Highly gifted

Imagine a child entering 4yo kindergarten. She taught herself to read when she was two and a half, and she walks into her ‘meet the teacher’ interview with a copy of The Boxcar Children under her arm. She is very excited about beginning school as she fully expects that it will be some kind of 'career training institute'. She wants to be both a paleontologist and a deep_sea diver. She has worked out her weekly schedule (including time to be a mother, as well as a career woman), and she is sure that school will give her the tools and knowledge she needs to succeed.

The first week brings several rude surprises. The other children don't want to be 'bosom buddies'; they don't even know what a bosom buddy is. Some of them just stare at her blankly when she talks to them. She tries writing secret notes to the girl she particularly likes, and is crushed to find out that her new friend can't read. She cries all afternoon. What's the point of a secret note, if you have to show it to an adult to find out what it says?

By the first teacher's conference, her mother is being informed that this child is 'a challenge'. She talks too much. She asks too many questions. She cries over dead bugs and uprooted flowers. She's too sensitive, by far.
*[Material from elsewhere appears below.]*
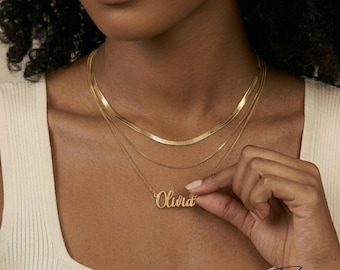 14K Gold Plated Personalized Stainless Steel Multi-Layered Round Snake Chain Name Necklace -  Gift for Her - Size in Description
This child is highly gifted, she might be profoundly gifted, but we don't know. The IQ test she took doesn't measure that high.

She's also my daughter.

We will have to make some very difficult decisions when she approaches first grade, and full time school. Kindergarten is workable right now because it is only a few hours out of her day. When she comes home she 'home schools'. She reads voraciously in the areas of Science and History, she's learning to touch-type with a computer program, and she’s independently researching, writing and illustrating a picture book on the History of the Earth. She also takes classes in gymnastics and swimming. She used to enjoy visiting the park, but since she started school all she wants to do when she gets home is bury her nose in her books. She told me rather sadly the other day that she doesn't think she's learned anything at all in school this year. But we can't skip her into a higher grade yet, because she's still a very young child with immature motor skills, small attention span, and a limited ability to deal with frustration.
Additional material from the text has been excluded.